> **Dataset records**:
^^^^^^^^

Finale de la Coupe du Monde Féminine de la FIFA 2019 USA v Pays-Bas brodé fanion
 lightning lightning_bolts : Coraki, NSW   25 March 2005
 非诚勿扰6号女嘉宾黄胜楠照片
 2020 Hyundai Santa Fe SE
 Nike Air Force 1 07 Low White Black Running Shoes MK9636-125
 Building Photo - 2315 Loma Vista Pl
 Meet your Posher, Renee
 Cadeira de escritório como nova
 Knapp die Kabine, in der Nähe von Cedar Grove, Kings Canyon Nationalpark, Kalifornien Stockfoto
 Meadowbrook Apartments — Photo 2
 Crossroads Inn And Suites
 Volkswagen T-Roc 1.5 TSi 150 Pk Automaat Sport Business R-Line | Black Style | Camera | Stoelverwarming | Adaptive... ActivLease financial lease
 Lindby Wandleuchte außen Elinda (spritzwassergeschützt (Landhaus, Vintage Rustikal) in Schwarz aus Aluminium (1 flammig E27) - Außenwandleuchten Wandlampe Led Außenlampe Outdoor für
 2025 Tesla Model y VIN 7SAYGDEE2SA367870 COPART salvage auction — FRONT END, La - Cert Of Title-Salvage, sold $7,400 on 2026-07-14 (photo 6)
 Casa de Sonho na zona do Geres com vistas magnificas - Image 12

^^^^^^^^

> **Task**:
With no additions or omissions, transcribe every record.

> **Answer for this exercise**:
Finale de la Coupe du Monde Féminine de la FIFA 2019 USA v Pays-Bas brodé fanion
 lightning lightning_bolts : Coraki, NSW   25 March 2005
 非诚勿扰6号女嘉宾黄胜楠照片
 2020 Hyundai Santa Fe SE
 Nike Air Force 1 07 Low White Black Running Shoes MK9636-125
 Building Photo - 2315 Loma Vista Pl
 Meet your Posher, Renee
 Cadeira de escritório como nova
 Knapp die Kabine, in der Nähe von Cedar Grove, Kings Canyon Nationalpark, Kalifornien Stockfoto
 Meadowbrook Apartments — Photo 2
 Crossroads Inn And Suites
 Volkswagen T-Roc 1.5 TSi 150 Pk Automaat Sport Business R-Line | Black Style | Camera | Stoelverwarming | Adaptive... ActivLease financial lease
 Lindby Wandleuchte außen Elinda (spritzwassergeschützt (Landhaus, Vintage Rustikal) in Schwarz aus Aluminium (1 flammig E27) - Außenwandleuchten Wandlampe Led Außenlampe Outdoor für
 2025 Tesla Model y VIN 7SAYGDEE2SA367870 COPART salvage auction — FRONT END, La - Cert Of Title-Salvage, sold $7,400 on 2026-07-14 (photo 6)
 Casa de Sonho na zona do Geres com vistas magnificas - Image 12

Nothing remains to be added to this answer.